Yes, but also the way how Apple imposed such a big change and basically assumed that us developers would do their beta testing for them in the 3~4 beta period is really not very responsible of Apple.

Apple should have NOT release APFS with High Sierra, but instead encouraged (or even rewarded) developers and consumers for helping to beta test it and then included it in their next OS update. They should have also made available a tool that can revert the disk back to HFS+. Apple knows exactly how few people back up, and that once the disk is APFS, the user is screwed if they need to revert to Sierra.

IMHO they simply don’t care anymore.

IMHO they act like everyone else on the Market now. I think we just have to live with this behaviour…

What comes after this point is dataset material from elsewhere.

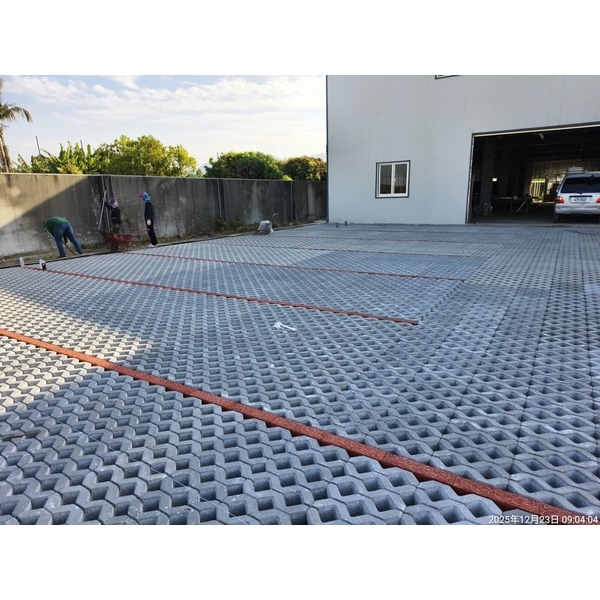 植草磚地磚舖設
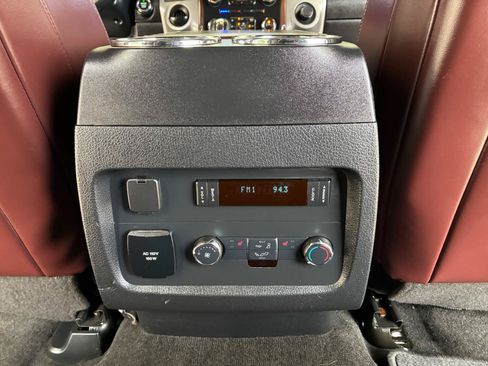 Used 2017 Ford Expedition Platinum RWD image 34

Don’t want to start a Win vs. Mac Thing here again. But at my Main Workplace i have to work on Windows 7 + 10 with 32 + 64bits and they have teir issues too. I am still very happy when i’m at my MacBook again… :slight_smile:

Don’t need too, in the last few years the Mac community is already divided, between those frustrated with Apple’s current direction and those who either haven’t been stung yet or refuse to admit that there’s trouble brewing for Apple.

APFS replaced a filesystem that was ancient and inappropriate for 2017. HFS+ has been around since the 80s.

Apple is doomed!! (Since 1976)

[quote=353781:@Gavin Smith]APFS replaced a filesystem that was ancient and inappropriate for 2017. HFS+ has been around since the 80s.

Apple is doomed!! (Since 1976)[/quote]
Don’t make the mistake of believing what I say is doomsday speak. So Apple replaced a 27 year old filing system, effectively overnight. You know and I know that there WILL be problems and Apple knows better than anyone the rate of consumers who backup before applying Apple’s updates. Yet they didn’t provide a mechanism for people to revert back to HFS, you know and I know they can. So what happened, a whole bunch of people clicked on update, it fucked up and now they can’t start their Mac, nor can they revert back to Sierra or whatever version of the macOS they were running before. The only advise from Apple is to wipe the drive and use internet recovery to restore the OS that came with the machine, thus losing all the customers data.

I’m sure that if you were one of these unlucky people, you’d not be making jokes.